Problem: Transcribe word for word the lines below from the line with "Short with Pockets" through the line with "Fast QR Scanner and Generator", ends included.

(Records shown begins)

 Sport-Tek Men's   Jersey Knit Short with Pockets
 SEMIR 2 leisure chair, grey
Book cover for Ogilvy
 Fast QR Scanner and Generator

(Records shown ends)
(Records shown begins)

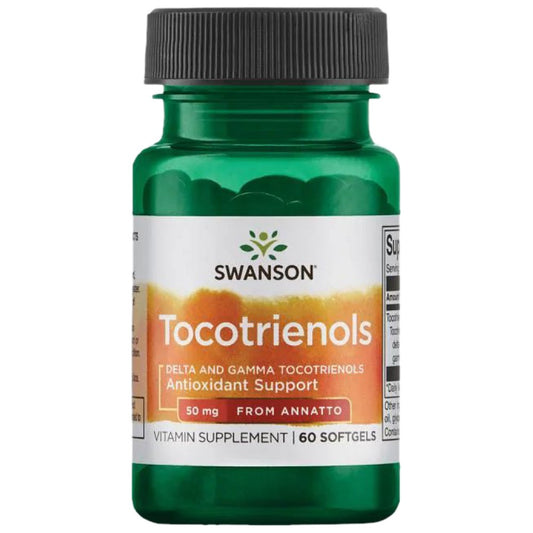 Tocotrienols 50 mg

(Records shown ends)

Output for this task:
 Sport-Tek Men's   Jersey Knit Short with Pockets
 SEMIR 2 leisure chair, grey
Book cover for Ogilvy
 Fast QR Scanner and Generator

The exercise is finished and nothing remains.